See docs/wg/research/chromium/node-data-layout.md for research on Chromium's property tree architecture, which solves exactly this problem by storing properties in separate flat arrays indexed by integer IDs.
Next Steps: Property Split at Scene Graph Level
The GeoInput experiment proved the hypothesis: compact data = fast WASM. The remaining question is where to split:
Option A: Split at SceneGraph construction
Populate DenseNodeMap<NodeTransform>, DenseNodeMap<NodeSize>, etc.
during FBS decode / JSON parse. The Node enum remains for painter and
export but hot loops (geometry, layers, effects) use the split maps.
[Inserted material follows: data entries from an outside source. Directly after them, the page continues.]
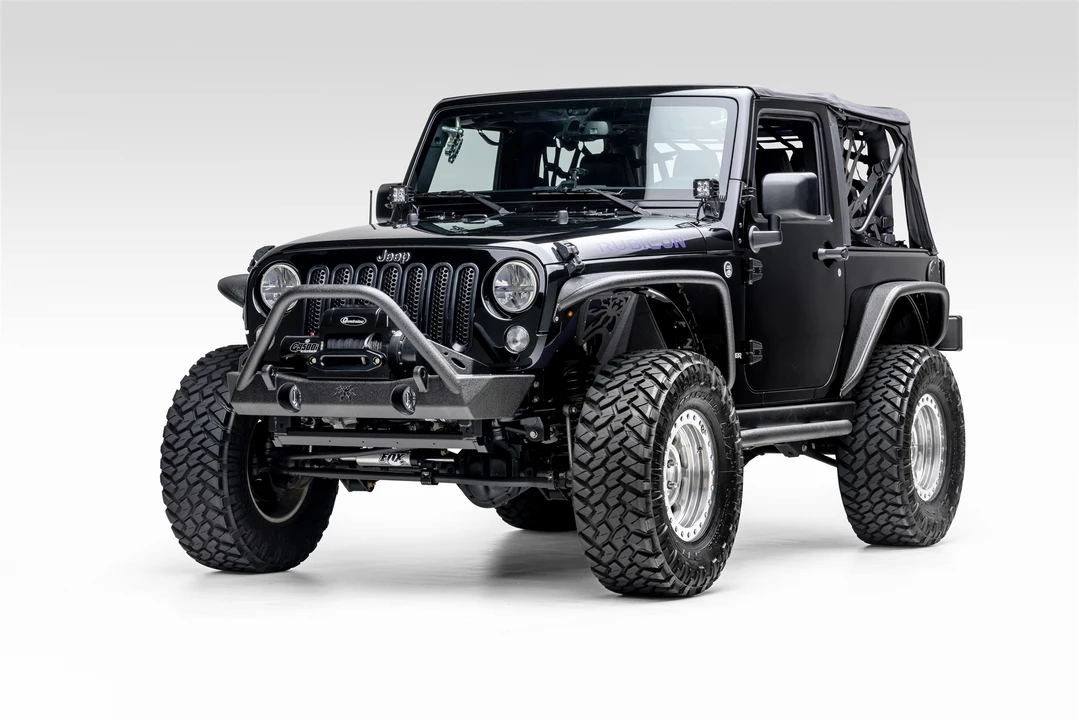2015 Jeep JK Wrangler - Image 3 of 31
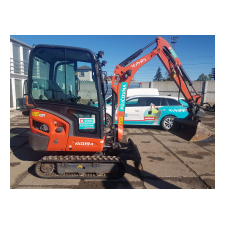 Minirýpadlo Kubota KX019-4 [8967]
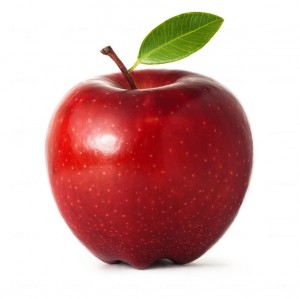 Создать мем: apple, красное яблоко на белом фоне, яблоко красное яблоко более красное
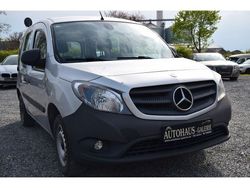 Silber Gebraucht 2014 Mercedes Citan 109 Kombi | 3.998 € (Fairer Preis)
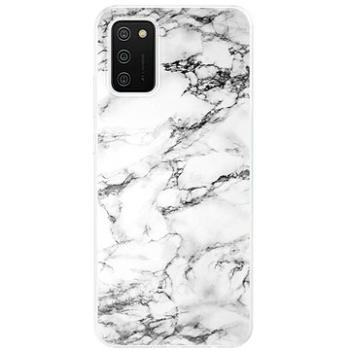 iSaprio White Marble 01 pro Samsung Galaxy A02s (marb01-TPU3-A02s)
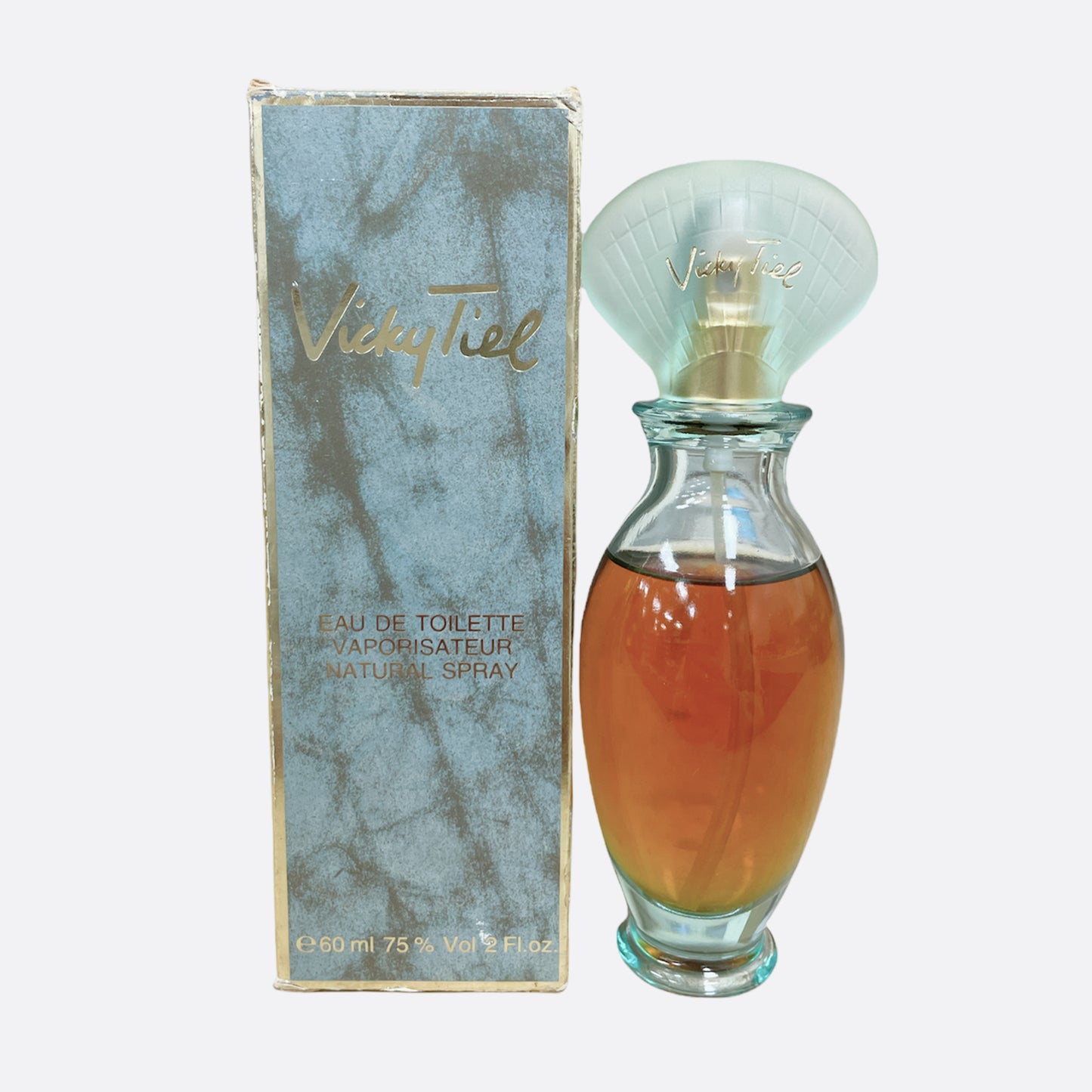 Vicky Tiel Eau De Toilette Spray, 2 oz
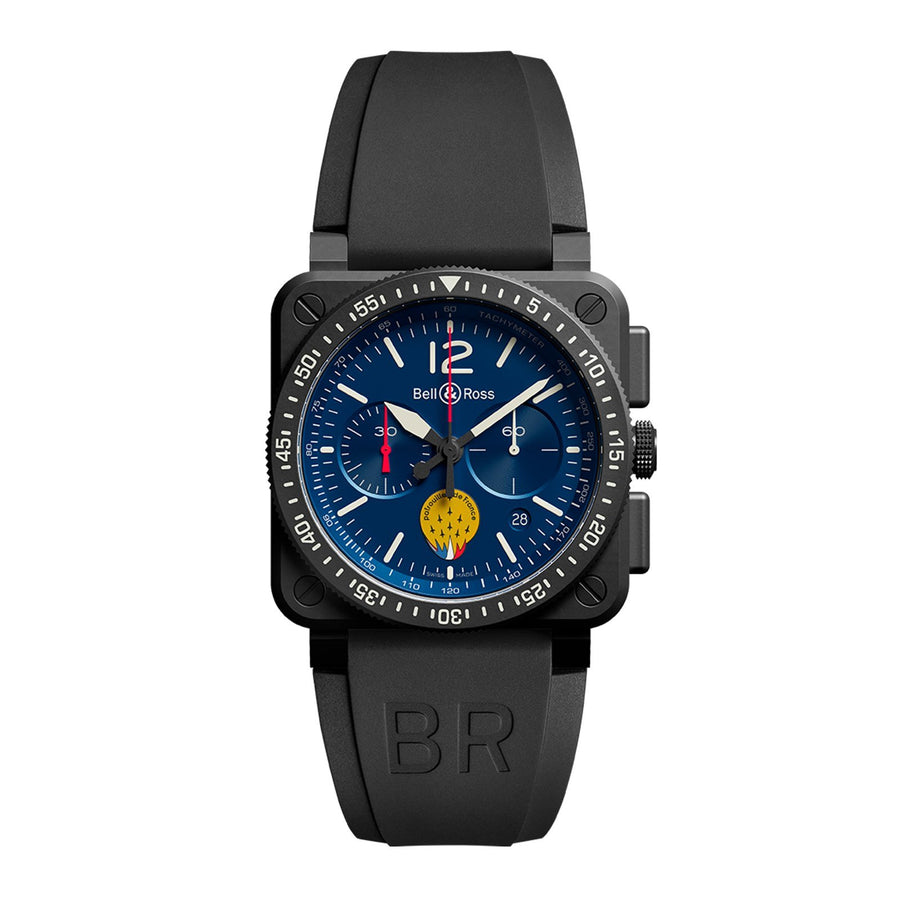 Bell & Ross BR 03-94 Patrouille De France - BR0394-PAF1-CE/SRB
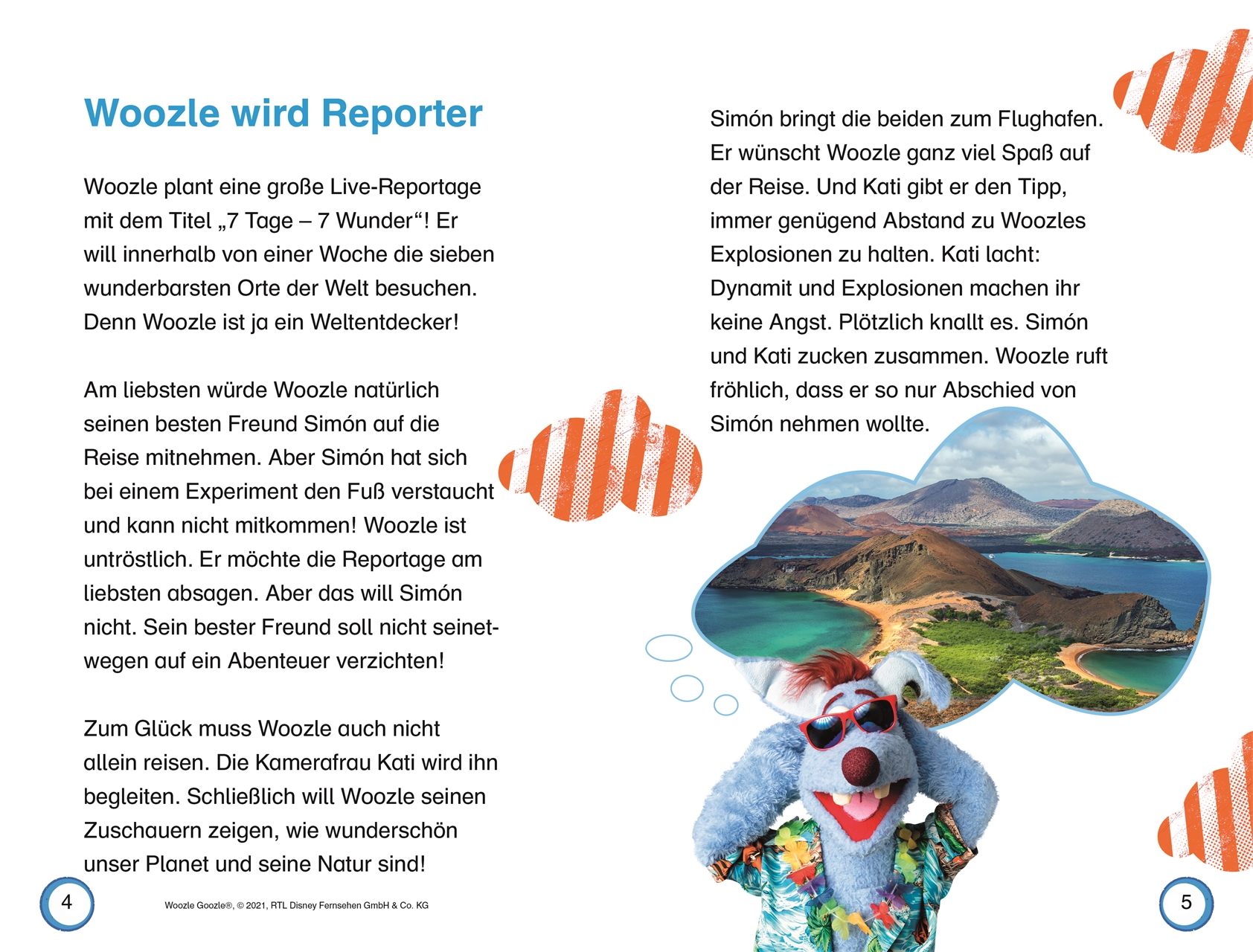 SUPERLESER! Woozle Goozle Wunder der Welt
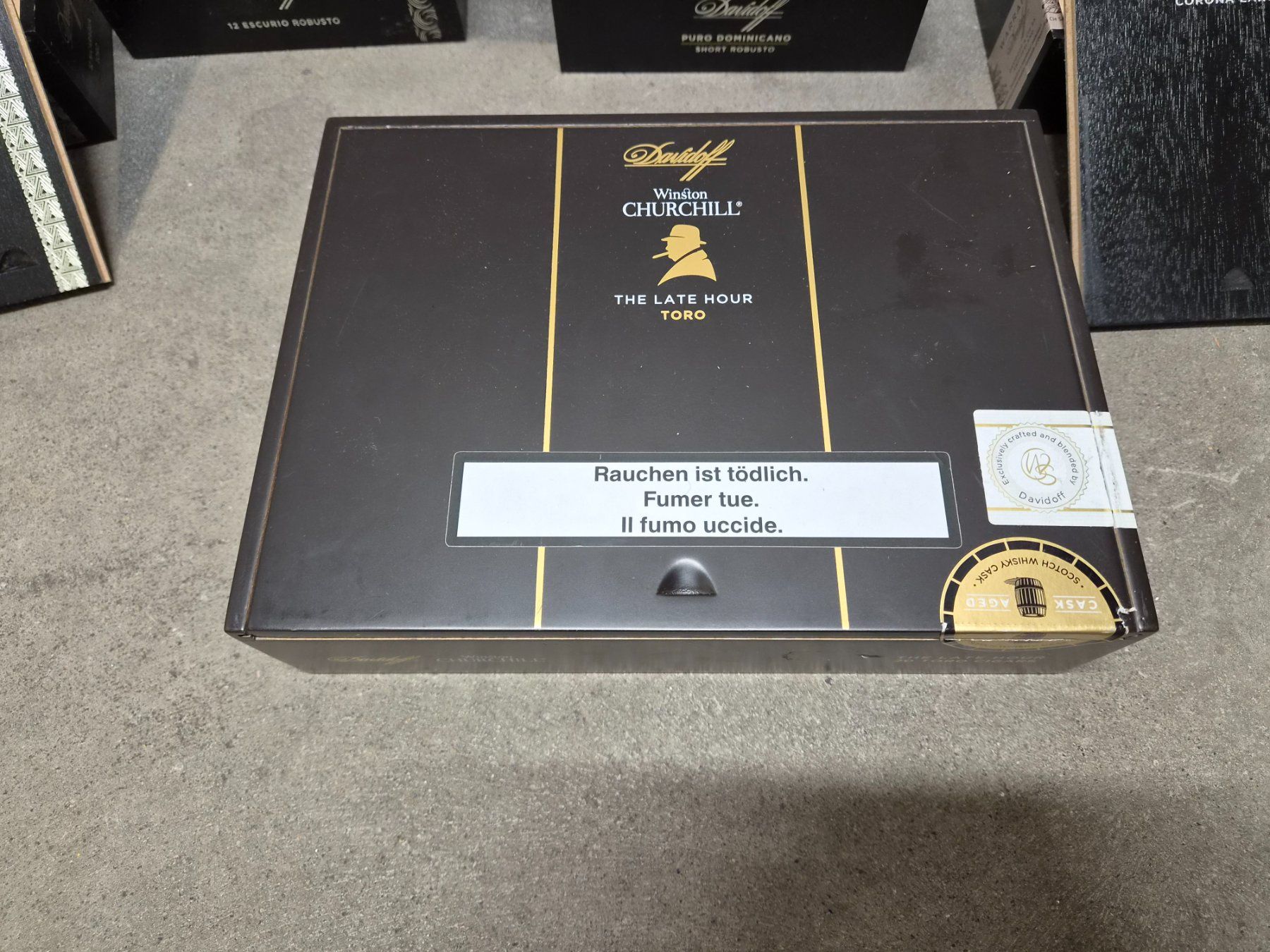 Transportkisten: 16 x Davidoff Zigarrenkisten mix – Gebraucht aus Wetzikon ZH von Tothart 7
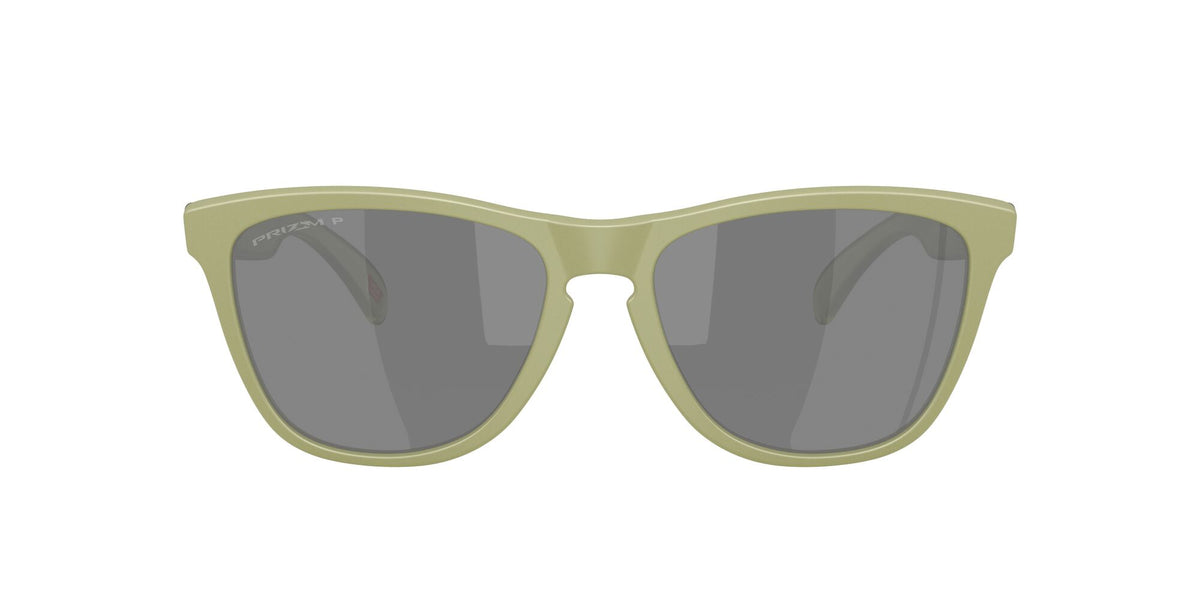 Oakley Frogskins OO9013 9013M2 55 Matte Fern / Prizm Black Polar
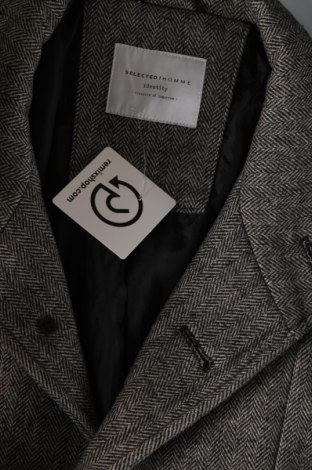 Мъжко палто Selected Homme, Размер XL, Цвят Многоцветен, Цена 88,00 лв.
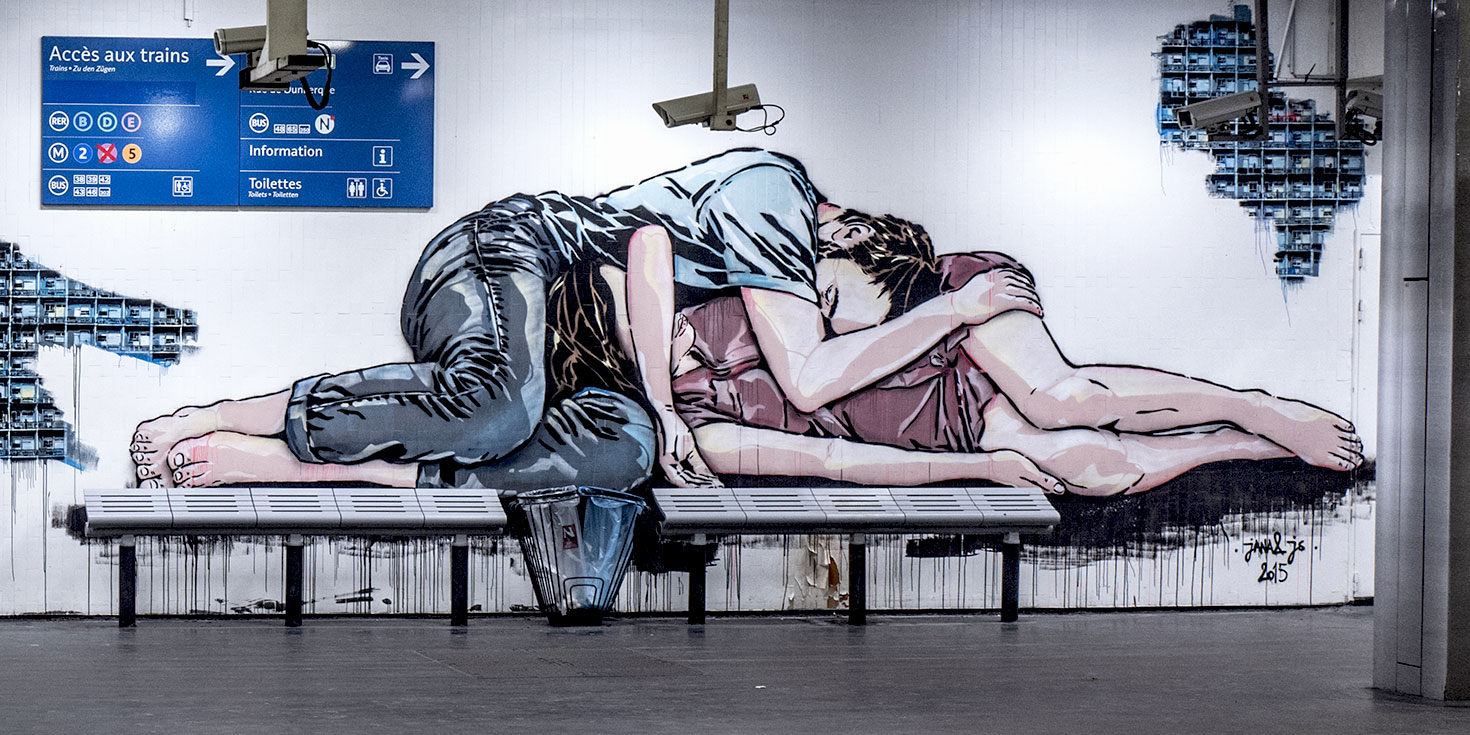 Art Residency - Gare du Nord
- Pro: Incremental migration, no format changes
- Con: Dual storage during transition
Option B: Reshape the FBS schema
Store geometry-relevant fields in a separate FBS table. Decode directly
into split maps without materializing the full Node.
- Pro: Minimal memory (no dual storage), aligned end-to-end
- Con: Format migration, breaks existing .grida files
Option C: Full ECS
Replace Node enum with entity-component storage (e.g., archetype-based).
- Pro: Maximum flexibility for future component shapes
- Con: Highest complexity, archetype migration overhead for common editing operations, tree traversal requires indirection
Recommendation: Option A (split at SceneGraph) as the incremental path, with Option B as the long-term goal once the split maps stabilize.
See docs/wg/research/chromium/node-data-layout.md for the full analysis including ECS tradeoffs and mutation considerations.